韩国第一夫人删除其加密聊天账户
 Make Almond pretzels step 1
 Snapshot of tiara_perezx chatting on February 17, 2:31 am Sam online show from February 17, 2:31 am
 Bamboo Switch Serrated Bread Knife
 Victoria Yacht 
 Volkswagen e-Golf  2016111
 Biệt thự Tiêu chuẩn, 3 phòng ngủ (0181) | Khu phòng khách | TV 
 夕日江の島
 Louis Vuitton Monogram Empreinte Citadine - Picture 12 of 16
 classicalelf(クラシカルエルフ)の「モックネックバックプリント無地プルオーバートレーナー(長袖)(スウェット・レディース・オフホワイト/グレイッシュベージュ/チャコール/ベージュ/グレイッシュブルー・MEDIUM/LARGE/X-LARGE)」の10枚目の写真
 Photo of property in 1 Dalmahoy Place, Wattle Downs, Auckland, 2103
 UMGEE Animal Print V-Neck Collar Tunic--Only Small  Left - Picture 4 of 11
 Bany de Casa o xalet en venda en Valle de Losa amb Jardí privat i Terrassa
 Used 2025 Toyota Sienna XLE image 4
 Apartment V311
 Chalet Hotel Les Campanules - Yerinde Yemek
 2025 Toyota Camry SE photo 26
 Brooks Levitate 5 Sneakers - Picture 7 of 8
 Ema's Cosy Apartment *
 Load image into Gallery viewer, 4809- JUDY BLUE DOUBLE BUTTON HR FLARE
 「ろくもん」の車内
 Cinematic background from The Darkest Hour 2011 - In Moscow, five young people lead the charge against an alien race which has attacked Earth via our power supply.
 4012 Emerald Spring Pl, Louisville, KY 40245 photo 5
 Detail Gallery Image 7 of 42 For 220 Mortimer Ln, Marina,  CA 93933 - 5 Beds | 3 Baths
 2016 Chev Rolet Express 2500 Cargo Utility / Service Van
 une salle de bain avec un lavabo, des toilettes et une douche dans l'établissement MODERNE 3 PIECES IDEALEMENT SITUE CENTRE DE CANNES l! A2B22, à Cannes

====

▶ **Exercise objective**:
Only the lines from the one containing "Load image into" through the final line of the material should be printed, each word for word. Both of those lines count.

▶ **Finished exercise**:
 Load image into Gallery viewer, 4809- JUDY BLUE DOUBLE BUTTON HR FLARE
 「ろくもん」の車内
 Cinematic background from The Darkest Hour 2011 - In Moscow, five young people lead the charge against an alien race which has attacked Earth via our power supply.
 4012 Emerald Spring Pl, Louisville, KY 40245 photo 5
 Detail Gallery Image 7 of 42 For 220 Mortimer Ln, Marina,  CA 93933 - 5 Beds | 3 Baths
 2016 Chev Rolet Express 2500 Cargo Utility / Service Van
 une salle de bain avec un lavabo, des toilettes et une douche dans l'établissement MODERNE 3 PIECES IDEALEMENT SITUE CENTRE DE CANNES l! A2B22, à Cannes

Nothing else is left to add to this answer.